Sunday, 5 March 2017

Love is Not what we Think.


Via Bethany Widdicombe

Many movies get it wrong, and the ones that do get love right are the ones we turn a blind eye to.

In reality, love is never what we think.
Love is much more tender, deeper, and infinitely more moving than we could ever hope it to be. While many of us live in the fantasy of the beginning stages, few know how to fight for love when hardship comes knocking at the door.
Today’s society is wound up in a culture of options, where we are unsure of ourselves to the point that we seek love in all the wrong places.
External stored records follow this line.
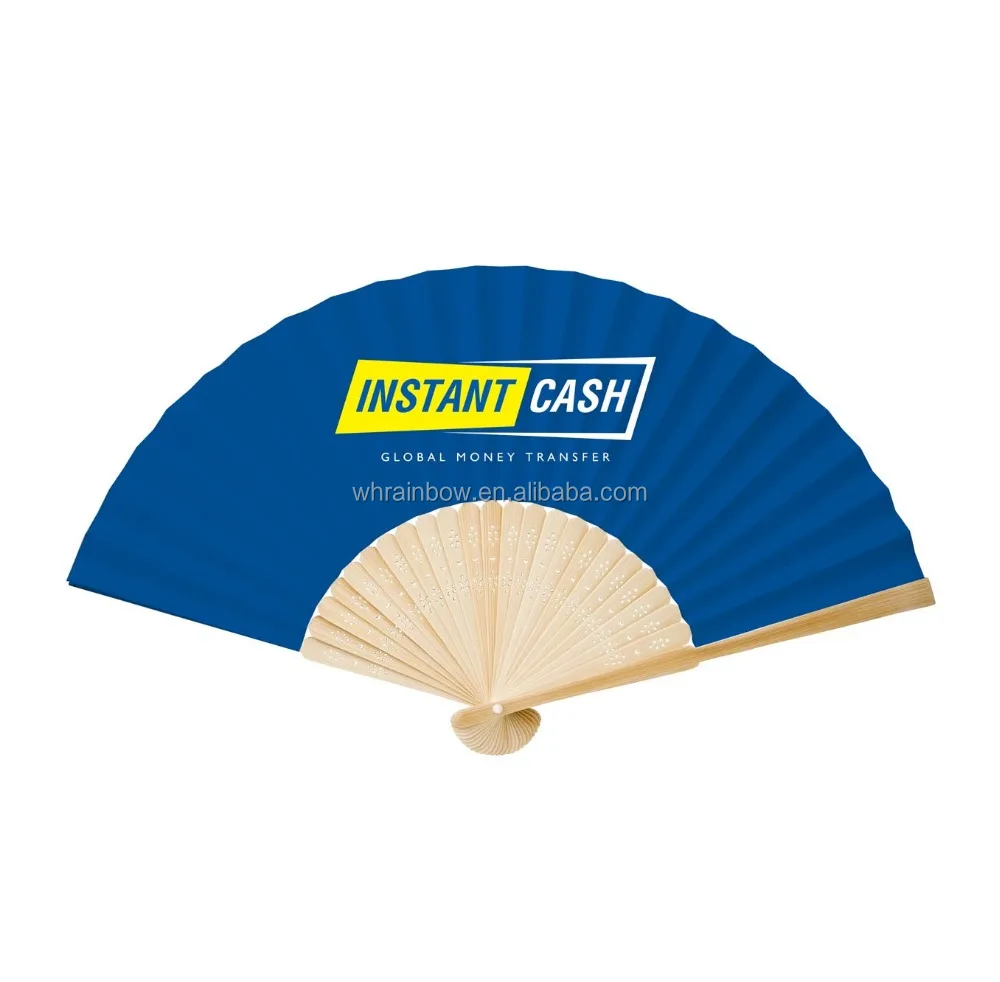21cm foldable hand fan with bamboo frame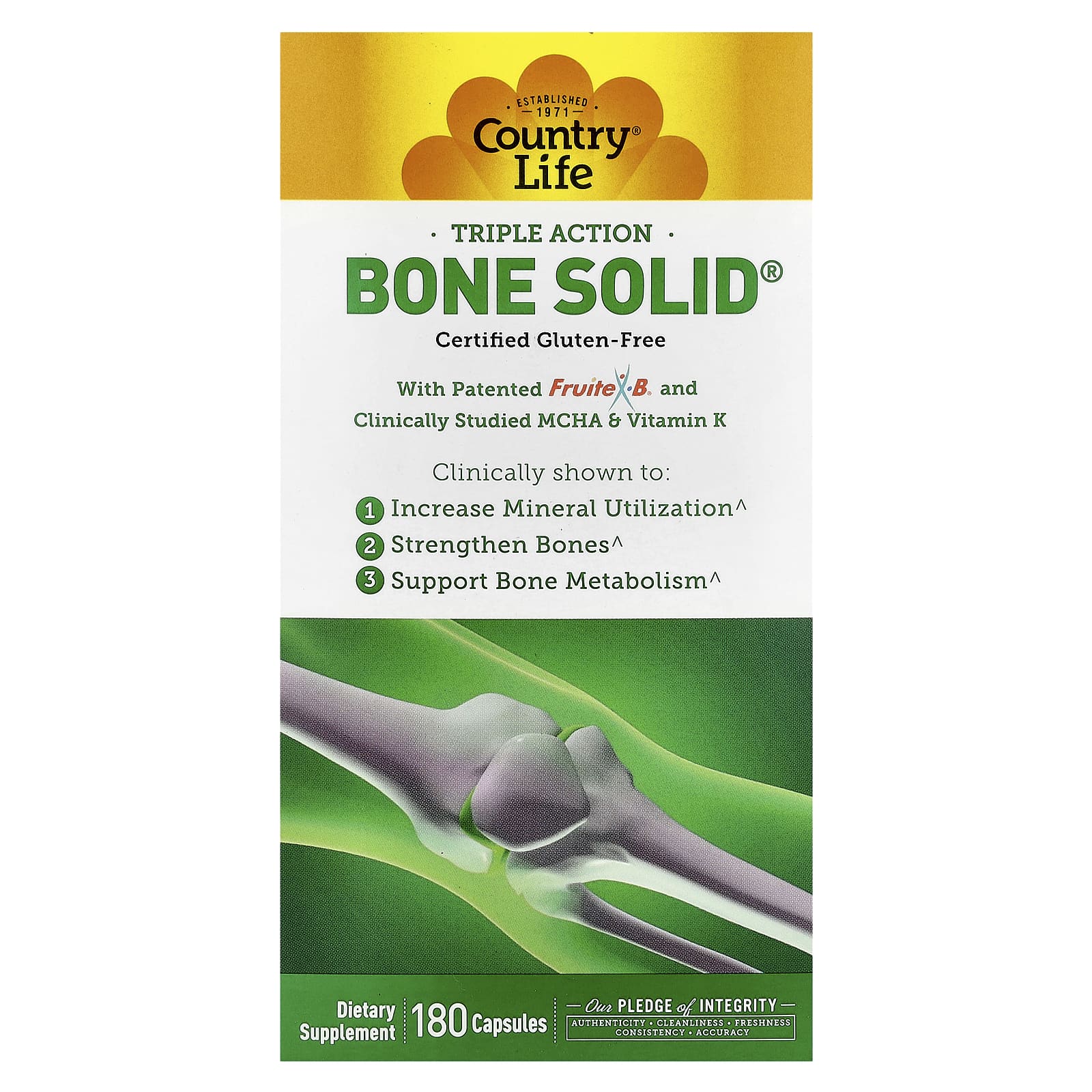 Country Life, Triple Action Bone Solid®, 180 Capsules
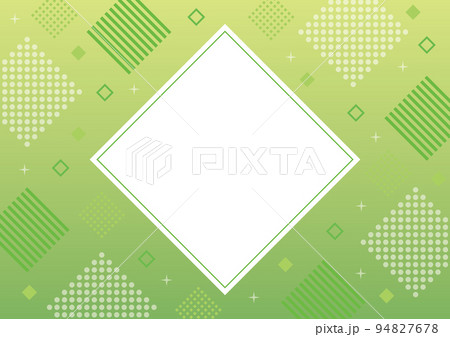 幾何学　四角　フレーム 　メンフィス　黄緑 94827678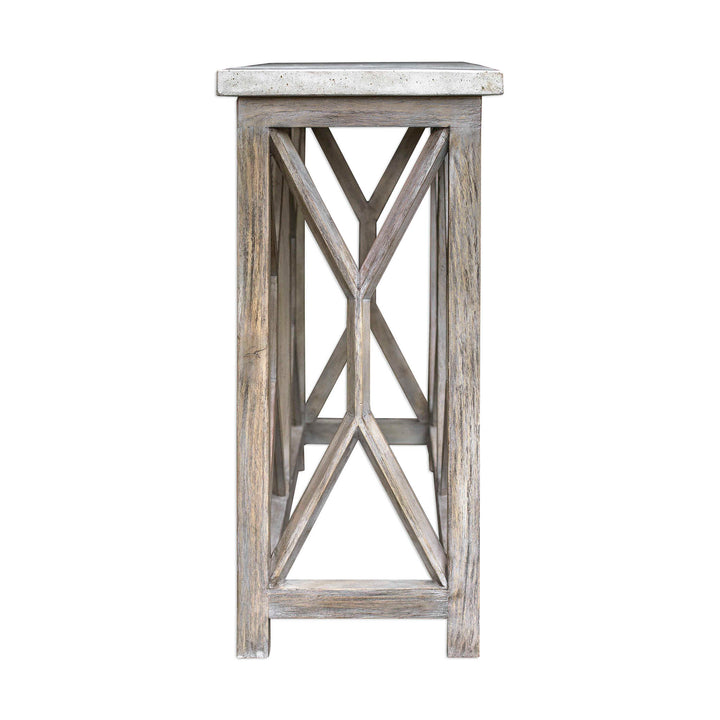American Home Furniture Uttermost Catali Ivory Stone Console Table
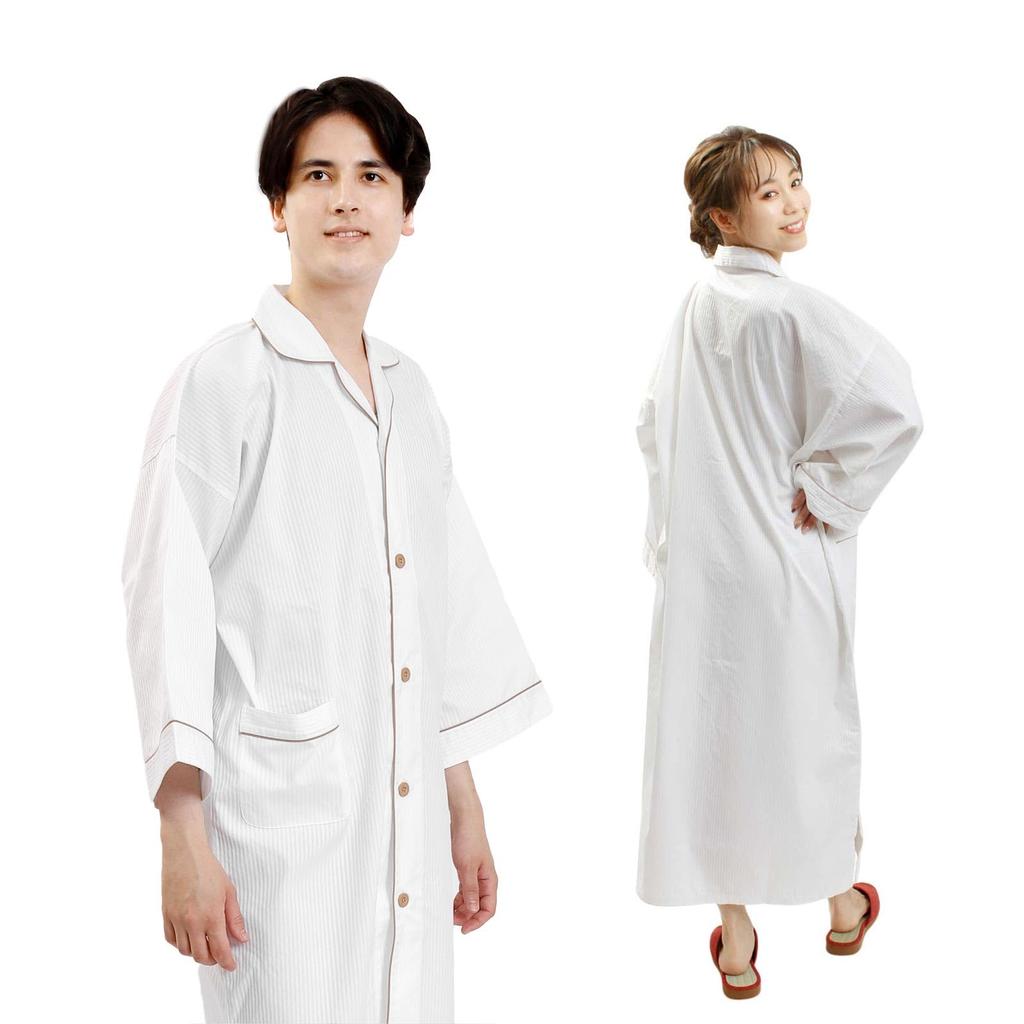 Shirt Gown Nightgown Shirt Gown Hotel Hotel Pajamas Room Wear Room Wear Business Night Luxury [Fuuka] Women's Men's (White) (F Size)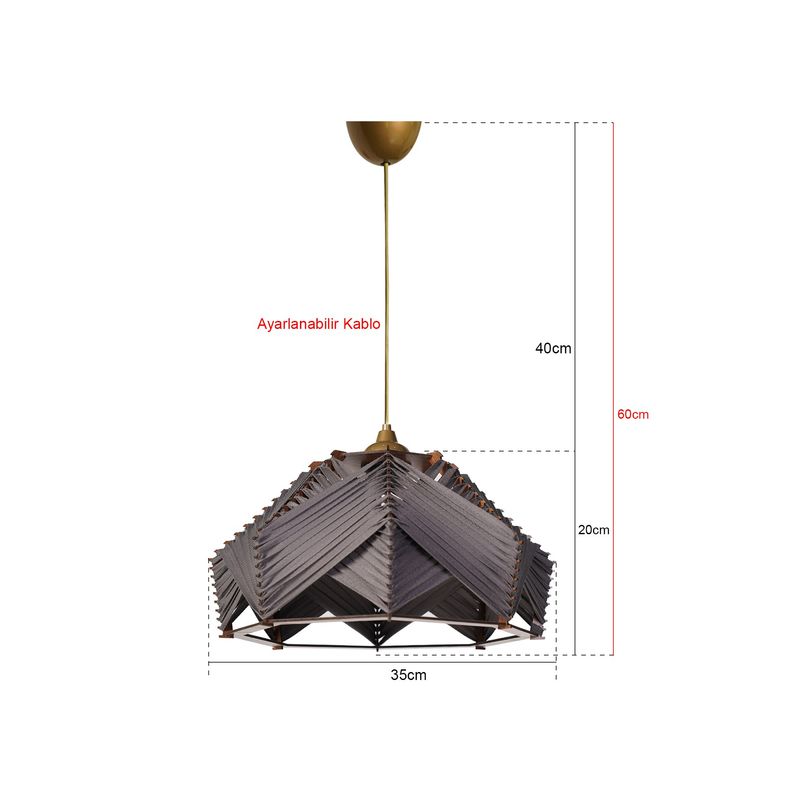 Casa si Gradina - Corpuri si surse de iluminat - Lustre si pendule - Candelabru, Opviq, metal si bumbac, gri, 35x20 cm - Infinity.ro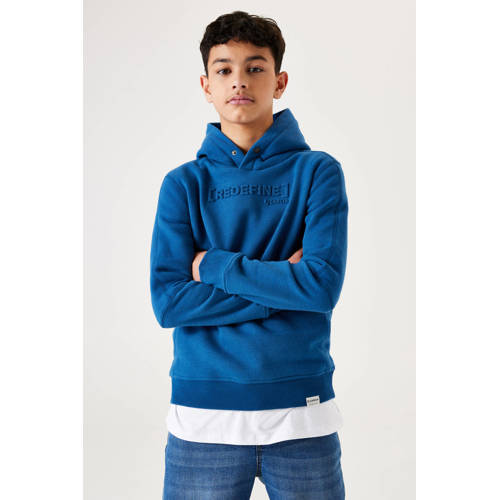 Garcia hoodie met tekst kobalt blauw afbeelding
We swipe left and right, but never look up to see what is in front of us. We search for love, but it is simply not what we think.
Love is not just a whisper of words, but a bond that requires sacrifice, dedication, and tenderness toward need.
When I first came to know the love of my life, I saw his heart before anything else.
We wrote letters to one another across the sea before I ever heard his voice. At the time, I was not searching for love, but was merely surprised by friendship.
As many love stories do, ours began with shy laughter and smiles. The uncertainty of it held fear from our pasts. Fear that this time would turn out like all the others. While I suffered from men who had left without warning, he suffered from women who had done the same.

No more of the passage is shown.